What did we learn from doing this?

GUI Development:

  • We first coded the GUI using the regular Gloss play function but later down the line, the music player introduced IO operations which were incompatible with our first approach. We learned that Haskell's pure functions cannot combine with IO's directly and must adapt our existing code to use monads to use the System Random functions. Surprisingly, Gloss had an interface for games in IO, which led to us using playIO.
  • Each pixel is 1x1 in width and height of the screen. It was a challenge at first where the canvas was empty since size wasn't taken into account. It is important to scale your picture components so they are of desired scale. To integrate the backend code, which had coordinates in single pixels, we had to keep track of the size in the GUI to enlarge and shrink pixels. The coordinates designed in the backend were perfect fit for the GUI since in both ends, the origin was dead center and so no extra calculations were needed.
  • Given a backend with clear documentation, the GUI was compartmentalized into several parts that the world state needed in order to function properly. Mostly Booleans were used (e.g. Paint, Auto) to indicate when an event should happen when the user initiates an action.

Game Development:

  • Uses Haskell's lazy evaluation. implements an infinite world using an infinite list.
  • The simulation's logic is purely functional.
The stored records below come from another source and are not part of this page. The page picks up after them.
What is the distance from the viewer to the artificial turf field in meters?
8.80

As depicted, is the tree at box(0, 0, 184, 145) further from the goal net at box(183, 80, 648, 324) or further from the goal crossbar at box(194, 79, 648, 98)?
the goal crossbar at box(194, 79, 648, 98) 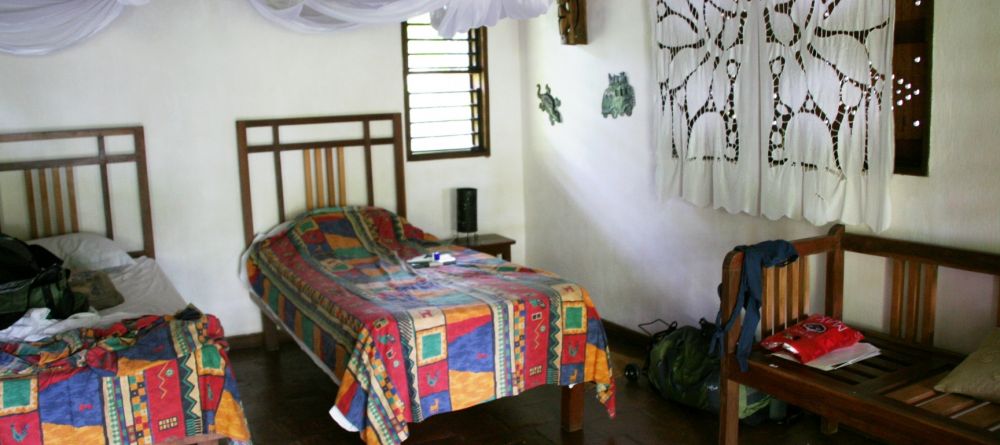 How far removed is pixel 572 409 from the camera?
375 centimetres

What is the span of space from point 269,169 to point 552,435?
7.70 feet

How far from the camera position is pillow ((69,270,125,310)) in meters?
3.78

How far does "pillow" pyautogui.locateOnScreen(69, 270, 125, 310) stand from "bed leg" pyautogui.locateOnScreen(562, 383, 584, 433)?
2.03 metres

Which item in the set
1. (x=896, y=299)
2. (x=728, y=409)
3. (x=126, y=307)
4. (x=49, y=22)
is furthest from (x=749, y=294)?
(x=49, y=22)

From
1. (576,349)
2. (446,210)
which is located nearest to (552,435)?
(576,349)

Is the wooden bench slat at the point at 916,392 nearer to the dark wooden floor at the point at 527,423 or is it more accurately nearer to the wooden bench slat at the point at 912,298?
the wooden bench slat at the point at 912,298

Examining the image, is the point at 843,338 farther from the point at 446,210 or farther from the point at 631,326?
the point at 446,210

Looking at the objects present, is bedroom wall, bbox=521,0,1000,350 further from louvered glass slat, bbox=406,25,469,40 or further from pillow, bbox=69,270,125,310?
pillow, bbox=69,270,125,310

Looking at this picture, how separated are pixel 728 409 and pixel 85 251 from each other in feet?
10.3

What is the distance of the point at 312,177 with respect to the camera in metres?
5.11

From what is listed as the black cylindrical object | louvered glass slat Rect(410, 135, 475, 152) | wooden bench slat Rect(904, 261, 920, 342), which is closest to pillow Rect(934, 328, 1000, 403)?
wooden bench slat Rect(904, 261, 920, 342)

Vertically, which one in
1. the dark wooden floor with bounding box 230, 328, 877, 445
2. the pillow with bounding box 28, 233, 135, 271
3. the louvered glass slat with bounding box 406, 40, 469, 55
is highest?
the louvered glass slat with bounding box 406, 40, 469, 55

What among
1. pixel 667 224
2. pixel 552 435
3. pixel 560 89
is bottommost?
pixel 552 435

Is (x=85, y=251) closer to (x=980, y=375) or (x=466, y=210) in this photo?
(x=466, y=210)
Thanks to the "zero player" nature of the Game of Life, after getting the world's initial status from the user, we were able to implement all the following computations in a purely functional way with zero side effects.

Music Part:

  • We learnt how the music notes and chords could be manipulated in a functional way elegantly. The MIDI music library we use, called Euterpea, has implemented its special operator to manipulate its representation of Music, the Music class. Thanks to this design, we were able to treat music as any other common data type, and use functions like folder to combine a list of notes into a chord, just like adding all the elements in a list. This really expanded our view on what the functional programming could do.

What did not quite work:

  • The program is known to freeze when music is played, as Euterpea, the music library we used, plays music and stalls until it is done playing to continue its execution. This resulted in our GUI not responding and returning to normal after a few seconds. This indicates that our program is single threaded and this is one of the downsides of implementing a simulation that updates every frame and can't stall.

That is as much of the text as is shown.